To use Ruff from pre-commit:

- repo: https://github.com/charliermarsh/ruff-pre-commit
  rev: "v0.0.271"
  hooks:
    - id: ruff
      args: ["--fix", "--show-fixes"]

And you’ll need a bit of configuration in your pyproject.toml:

[tool.ruff]
select = [
  "E", "F", "W", # flake8
  "B",           # flake8-bugbear
  "I",           # isort
  "PGH",         # pygrep-hooks
  "RUF",         # Ruff-specific
  "UP",          # pyupgrade
]
extend-ignore = [
  "E501",   # Line too long
]
target-version = "py38"
src = ["src"]
unfixable = [
  "F841", # Removes unused variables
]

You can a more complete suggested config at the Scientific-Python Development Guide.

MyPy

The biggest advancement since the development of Python 3 has been the addition of optional static typing. Static checks in Python have a huge disadvantage vs. a more “production” focused language like C++: you can’t tell what types things are most of the time! For example, is this function well defined?

def bit_count(x):
    return x.bit_count()

A static checker can’t tell you, since it depends on how it is called. bit_count("hello") is an error, but you won’t know that until it runs, hopefully in a test somewhere. However, now contrast that with this version:

def bit_count(x: int) -> int:
    return x.bit_count()

Now this is well defined; a type checker will tell you that this function is valid (and it will even be able to tell you it is invalid if you target any Python before 3.10, regardless of the version you are using to run the check!), and it will tell you if you try to call it with anything that’s not an int, anywhere - regardless if the function is part of a test or not!

You do have to add static types to function signatures and a few variable definitions (usually variables can be inferred automatically), but the payoff is well worth it - a static type checker can catch many things, and doesn’t require writing tests!
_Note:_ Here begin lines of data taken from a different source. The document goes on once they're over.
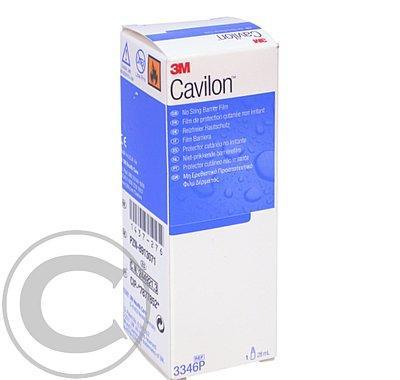 3M Cavilon sprej 28 ml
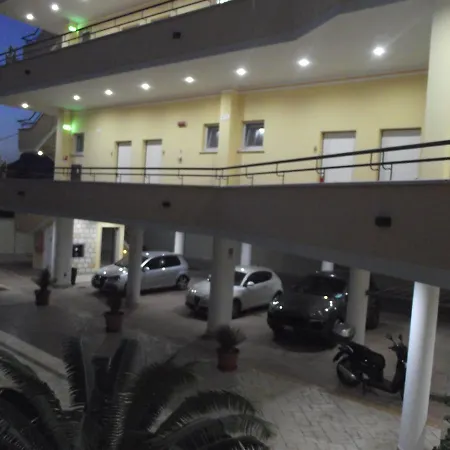 Il Girasole-3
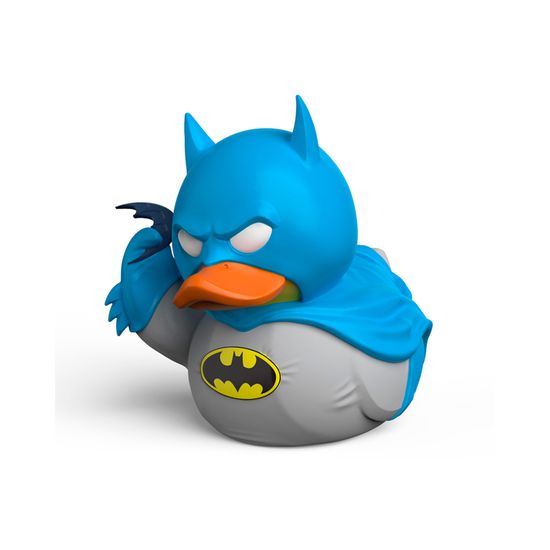 Фигурка-утка Tubbz DC Бэтмен (Box)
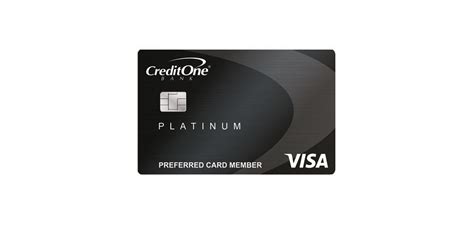 Credit card one. Manage your Credit One Bank credit card accounts with this app. Schedule payments, view balances, access offers, check your score, and more. 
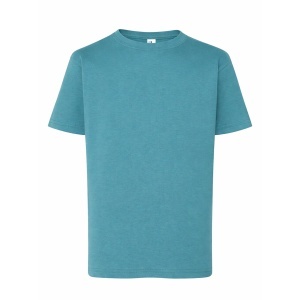 JHK TRICOU COPII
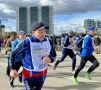 В Якутске 25 сентября состоится «Кросс Наций»
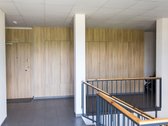 Parduodamas labai jaukus, mylėtas ir šviesus - nuotraukos Nr. 33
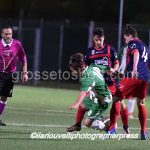 torneo Passalacqua Castiglionese vs S.Donato (20)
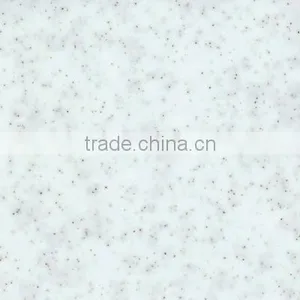 OWELL Wholesale Price for Quartz Engineered Stone Artificial Stone Solid Surface thumbnail-1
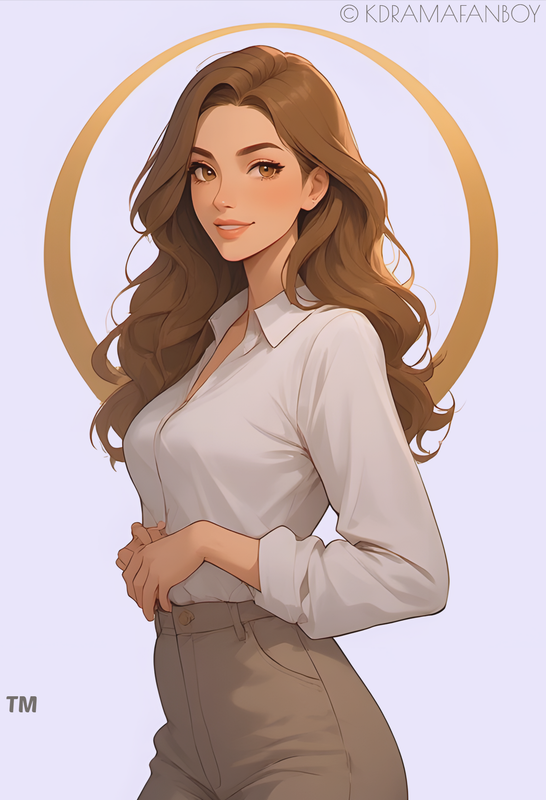 NIMRA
Here’s how you run mypy, a first party and popular type checker, from pre-commit:

- repo: https://github.com/pre-commit/mirrors-mypy
  rev: "v1.4.0"
  hooks:
    - id: mypy
      files: src
      args: []

You can learn about configuring mypy in the Scientific-Python Development Guide. You also need to add any packages that have static types to additional_dependencies: [...].

Going further

See the Style guide at Scientific-Python Development Guide for a lot more suggestions on static checking.

Key Points

  • Run tests and static checks on your codebase.